The code for the different types of serializers and their states is found in the serializers.jl file. Different serializers have different use cases, the default serializer JSONSerializer is used for writting to a file. Currently the only other serializer is the IPCSerializer which at the moment is quite similar to the JSONSerializer except that it does not store the refs of any types that are registered with the uses_id flag. When using the IPCSerializer it is left up to the user to guarantee that any refs required by a process are sent prior.

Upgrades

All upgrade scripts can be found in the src/Serialization/Upgrades folder. The mechanics of upgrading are found in the main.jl file where the Oscar.upgrade function provides the core functionality. Upgrading is triggered during load when the version of the file format to be loaded is older than the current Oscar version.

upgradeFunction
upgrade(format_version::VersionNumber, dict::Dict)

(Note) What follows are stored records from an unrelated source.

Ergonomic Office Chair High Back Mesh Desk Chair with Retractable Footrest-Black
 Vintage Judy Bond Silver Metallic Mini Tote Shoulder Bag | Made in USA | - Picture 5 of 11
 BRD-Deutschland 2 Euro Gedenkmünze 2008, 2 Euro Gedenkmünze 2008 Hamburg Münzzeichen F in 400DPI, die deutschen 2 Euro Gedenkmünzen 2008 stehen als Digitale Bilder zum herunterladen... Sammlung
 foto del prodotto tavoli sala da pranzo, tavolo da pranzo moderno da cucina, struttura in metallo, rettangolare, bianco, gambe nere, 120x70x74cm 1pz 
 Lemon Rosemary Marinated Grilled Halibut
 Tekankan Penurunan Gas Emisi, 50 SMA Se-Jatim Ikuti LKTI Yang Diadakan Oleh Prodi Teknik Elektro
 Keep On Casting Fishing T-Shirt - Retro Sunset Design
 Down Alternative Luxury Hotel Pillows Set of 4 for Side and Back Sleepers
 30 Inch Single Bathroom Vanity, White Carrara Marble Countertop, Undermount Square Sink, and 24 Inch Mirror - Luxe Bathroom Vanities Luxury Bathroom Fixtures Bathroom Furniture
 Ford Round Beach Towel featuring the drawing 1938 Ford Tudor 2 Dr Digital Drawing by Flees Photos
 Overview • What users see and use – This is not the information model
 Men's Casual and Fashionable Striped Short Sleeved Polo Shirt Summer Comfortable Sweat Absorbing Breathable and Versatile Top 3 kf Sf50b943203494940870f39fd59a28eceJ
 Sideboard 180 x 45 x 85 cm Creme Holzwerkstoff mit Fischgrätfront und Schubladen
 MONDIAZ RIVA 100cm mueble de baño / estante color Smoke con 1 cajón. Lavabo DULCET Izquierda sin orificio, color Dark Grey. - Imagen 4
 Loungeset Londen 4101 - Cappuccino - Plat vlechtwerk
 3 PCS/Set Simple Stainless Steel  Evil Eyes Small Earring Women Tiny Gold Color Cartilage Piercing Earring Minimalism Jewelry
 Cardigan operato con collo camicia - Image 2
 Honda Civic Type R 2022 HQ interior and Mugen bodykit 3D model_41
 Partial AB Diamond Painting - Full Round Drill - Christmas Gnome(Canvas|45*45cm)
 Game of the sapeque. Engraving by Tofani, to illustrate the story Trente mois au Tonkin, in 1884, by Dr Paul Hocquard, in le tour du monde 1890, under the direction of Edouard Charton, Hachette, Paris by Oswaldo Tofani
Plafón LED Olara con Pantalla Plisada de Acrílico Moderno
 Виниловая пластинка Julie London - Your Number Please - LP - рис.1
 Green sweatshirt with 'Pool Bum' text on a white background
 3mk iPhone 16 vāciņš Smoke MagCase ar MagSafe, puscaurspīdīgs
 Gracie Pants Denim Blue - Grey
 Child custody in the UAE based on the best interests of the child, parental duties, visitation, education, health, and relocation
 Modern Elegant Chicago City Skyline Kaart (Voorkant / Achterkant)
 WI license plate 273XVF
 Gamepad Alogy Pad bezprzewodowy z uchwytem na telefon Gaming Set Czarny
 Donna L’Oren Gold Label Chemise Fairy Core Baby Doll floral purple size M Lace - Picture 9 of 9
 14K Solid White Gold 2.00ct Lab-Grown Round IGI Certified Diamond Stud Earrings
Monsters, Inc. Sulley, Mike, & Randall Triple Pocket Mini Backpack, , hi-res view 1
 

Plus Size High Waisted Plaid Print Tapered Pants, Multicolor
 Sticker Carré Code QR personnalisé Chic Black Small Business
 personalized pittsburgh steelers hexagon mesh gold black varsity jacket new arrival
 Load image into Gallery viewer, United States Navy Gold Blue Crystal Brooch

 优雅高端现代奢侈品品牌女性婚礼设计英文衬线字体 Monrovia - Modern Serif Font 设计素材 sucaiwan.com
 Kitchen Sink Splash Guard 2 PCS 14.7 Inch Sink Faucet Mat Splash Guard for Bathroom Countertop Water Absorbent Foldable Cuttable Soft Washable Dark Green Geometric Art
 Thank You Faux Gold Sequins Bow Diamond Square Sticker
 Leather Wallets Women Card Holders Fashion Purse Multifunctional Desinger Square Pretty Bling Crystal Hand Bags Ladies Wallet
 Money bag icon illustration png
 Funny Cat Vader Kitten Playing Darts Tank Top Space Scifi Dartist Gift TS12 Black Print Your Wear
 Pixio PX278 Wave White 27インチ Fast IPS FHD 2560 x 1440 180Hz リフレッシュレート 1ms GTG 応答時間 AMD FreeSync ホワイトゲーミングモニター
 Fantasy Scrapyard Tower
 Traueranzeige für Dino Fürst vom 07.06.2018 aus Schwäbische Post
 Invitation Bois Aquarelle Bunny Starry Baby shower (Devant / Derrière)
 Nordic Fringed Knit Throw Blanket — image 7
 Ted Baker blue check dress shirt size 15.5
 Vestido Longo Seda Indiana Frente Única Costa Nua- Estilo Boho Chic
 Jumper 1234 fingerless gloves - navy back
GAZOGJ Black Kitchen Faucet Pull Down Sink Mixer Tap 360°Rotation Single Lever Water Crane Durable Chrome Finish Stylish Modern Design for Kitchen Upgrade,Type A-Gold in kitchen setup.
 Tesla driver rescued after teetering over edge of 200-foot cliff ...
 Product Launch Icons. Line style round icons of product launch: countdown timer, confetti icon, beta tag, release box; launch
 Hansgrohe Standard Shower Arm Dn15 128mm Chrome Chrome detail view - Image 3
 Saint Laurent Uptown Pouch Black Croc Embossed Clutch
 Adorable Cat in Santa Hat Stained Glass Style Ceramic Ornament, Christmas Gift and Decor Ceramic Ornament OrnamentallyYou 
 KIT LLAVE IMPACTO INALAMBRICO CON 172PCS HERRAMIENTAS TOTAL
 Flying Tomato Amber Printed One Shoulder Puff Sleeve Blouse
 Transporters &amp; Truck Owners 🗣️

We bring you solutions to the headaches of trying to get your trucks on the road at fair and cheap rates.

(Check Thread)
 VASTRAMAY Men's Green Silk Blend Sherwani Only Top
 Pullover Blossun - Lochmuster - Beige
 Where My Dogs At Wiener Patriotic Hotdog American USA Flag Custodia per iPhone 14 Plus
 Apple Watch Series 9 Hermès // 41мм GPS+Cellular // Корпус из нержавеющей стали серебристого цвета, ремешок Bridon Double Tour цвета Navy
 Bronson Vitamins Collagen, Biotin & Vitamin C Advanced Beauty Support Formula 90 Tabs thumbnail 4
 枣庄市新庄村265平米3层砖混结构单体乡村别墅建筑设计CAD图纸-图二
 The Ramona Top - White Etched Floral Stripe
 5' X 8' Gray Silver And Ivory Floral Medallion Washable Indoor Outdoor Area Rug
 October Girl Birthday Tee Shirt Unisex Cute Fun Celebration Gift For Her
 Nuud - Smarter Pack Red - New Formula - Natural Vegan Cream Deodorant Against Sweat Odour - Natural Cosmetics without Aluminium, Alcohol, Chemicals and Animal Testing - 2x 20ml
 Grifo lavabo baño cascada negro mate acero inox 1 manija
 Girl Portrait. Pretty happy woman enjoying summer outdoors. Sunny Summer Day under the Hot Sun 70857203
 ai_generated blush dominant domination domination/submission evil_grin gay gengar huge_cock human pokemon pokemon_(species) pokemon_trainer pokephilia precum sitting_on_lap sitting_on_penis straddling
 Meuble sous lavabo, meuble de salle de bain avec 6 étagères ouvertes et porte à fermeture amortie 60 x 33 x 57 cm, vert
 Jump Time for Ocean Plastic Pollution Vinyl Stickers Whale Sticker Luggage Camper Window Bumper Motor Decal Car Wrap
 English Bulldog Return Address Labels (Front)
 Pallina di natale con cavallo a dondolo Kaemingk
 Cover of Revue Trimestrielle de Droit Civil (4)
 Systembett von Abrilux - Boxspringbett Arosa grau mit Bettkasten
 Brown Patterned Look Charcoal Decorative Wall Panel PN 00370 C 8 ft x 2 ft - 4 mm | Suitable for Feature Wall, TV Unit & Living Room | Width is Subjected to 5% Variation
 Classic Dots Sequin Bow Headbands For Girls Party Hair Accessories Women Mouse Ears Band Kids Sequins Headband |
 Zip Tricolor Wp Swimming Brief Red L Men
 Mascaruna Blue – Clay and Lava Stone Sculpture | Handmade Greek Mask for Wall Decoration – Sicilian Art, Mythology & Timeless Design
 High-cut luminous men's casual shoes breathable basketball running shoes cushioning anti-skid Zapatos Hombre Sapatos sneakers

Finds the first version where an upgrade can be applied and then incrementally upgrades to each intermediate version until the structure of the current version has been achieved.

source
upgrade_dataFunction
upgrade_data(upgrade::Function, s::UpgradeState, dict::Dict)

upgrade_data is a helper function that provides functionality for recursing on the tree structure. It is independent of any particular file format version and can be used in any upgrade script.

source

Upgrade Scripts

All upgrade scripts should be contained in a file named after the version they upgrade to. For example a script that upgrades to Oscar version 0.13.0 should be named 0.13.0.jl.

UpgradeScriptType
UpgradeScript(version::VersionNumber, script::Function)

Any upgrade scripts schould be created using the UpgradeScript constructor and then pushed to the upgrade_scripts_set. The name of the function is not particularly important however one should be assigned so that it can be used for recursion if necessary for upgrade. The upgrde script should be independent from any Oscar code and should relie solely on julia core functionality so to avoid conflicts with any future Oscar code deprecations.

Example

push!(upgrade_scripts_set, UpgradeScript(
  v"0.13.0",
  function upgrade_0_13_0(s::UpgradeState, dict::Dict)
      ...
  end
))
source

Challenges

This section documents the various challenges we (will) encounter while implementing this feature.

  • OSCAR is based on several subsystems, some of which already have their own serialization. We want this to be compatible, if possible in both directions.
  • Many mathematical objects need context to be understood. A polynomial needs the ring it lives in, a group element needs the surrounding group, a divisor needs the underlying variety, etc. We will need a way to store this context along the objects.
  • Context should not be stored twice: A matrix of polynomials should only store the surrounding ring once.
  • Support other data formats: It has been proposed to not only support JSON, but binary formats needed for HPC communication as well. It is unclear whether this needs a separate implementation.
  • Versioning and upgrading: Work on OSCAR will change what its objects look like. Nevertheless, we still want to be able load data written by older versions of OSCAR. For this we intend to develop an upgrade mechanism.

Another important point is the wider mathematical context of the data and code. For data associated to a publication, this context is provided by the paper.

Goals

The general goal is to make mathematical data FAIR, a goal for which we cooperate with the MaRDI project.

The ramifications of making mathematical data FAIR are manifold.

  • It becomes easier to exchange data and code with fellow mathematicians, enhancing communication and boosting research.
  • Computer experiments and new implementations require a lot of work and hence deserve to be recognized in form of a publication. Standardizing data plays an important role for this process.
  • Future generations of mathematicians will be able to reuse both data and code if we establish a FAIR culture.